Does anyone know what a warpig is?


----------



## Evil4bc (Apr 13, 2004)

ServeEm said:


> Does anyone know what a warpig is?


It's the Troy McMurry frame , big tubes 20" wheels heavy as sin makes a great anchor for your sail boat !!!

BTW the dropouts are HELLA big , and it comes with american B/B


----------



## ServeEm (Jun 15, 2005)

It's not that heavy, unless you have twigs for arms. I know 16yr olds @ 130lbs huckin that bike. Dropouts to protect ur freewheel.


----------



## sittingduck (Apr 26, 2005)

ServeEm said:


> Does anyone know what a warpig is?


WARPIG When Troy McMurray Isn't out giving members of the Metal Militia a good old fashioned beatdown, he's out on the streets putting this frame to the test. Word is, that Troy Has been riding the same frame for two years now. There is no doubt whatsoever that this frame can take some serious abuse.

head tube angle: 74.5° chain stay length: 13.5"-15.5"
top tube length: 19.75" weight: 8.3 lb.
seat tube angle: 72° bottom bracket height: 11.5"
seat post size: 1" wheel base: 33.75"-35.75"


----------



## atomrcrkhsbiker (Sep 23, 2005)

sittingduck said:


>


$hit looks heavy:eekster:


----------



## ServeEm (Jun 15, 2005)

atomrcrkhsbiker said:


> $hit looks heavy:eekster:


It is but my wife's heavy and I can huck her around too...


----------



## fiddy_ryder (Jun 15, 2005)

holy chit.. 8lb bmx frame...


----------



## bedheadben (Jan 30, 2006)

hmm, I wonder, would you be better off buying one of these, or strapping lead weights around a normal bmx frame...


----------



## sittingduck (Apr 26, 2005)

Most bmx frames are going to run 6+ lbs, so it's not really all that extreme.


----------



## EPTX_RIDER (Mar 30, 2006)

sittingduck said:


> Most bmx frames are going to run 6+ lbs, so it's not really all that extreme.

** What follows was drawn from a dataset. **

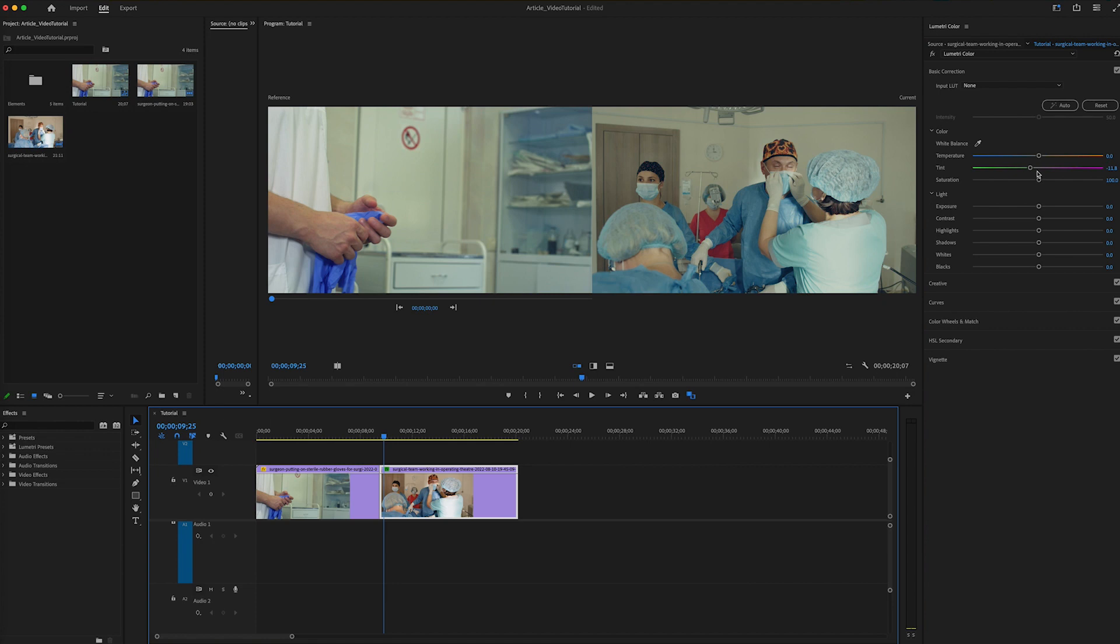So just a quick tip on how the Lumetri Panel can get your clips off to a much better start for you to take it from there. Thank you.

Most BMX frames now are under 6 pounds. My S&M L.A.F. weighs 5lbs.


----------



## ServeEm (Jun 15, 2005)

*Won't ride a Sub6*

I don't know how much abuse others put on there frames but the amount I do I'd rather have an 8lb frame than a sub 6. I seen this kid endo on a the end of a table and bent his head tube inward.


----------



## JayPee (Mar 5, 2004)

ServeEm said:


> I seen this kid endo on a the end of a table and bent his head tube inward.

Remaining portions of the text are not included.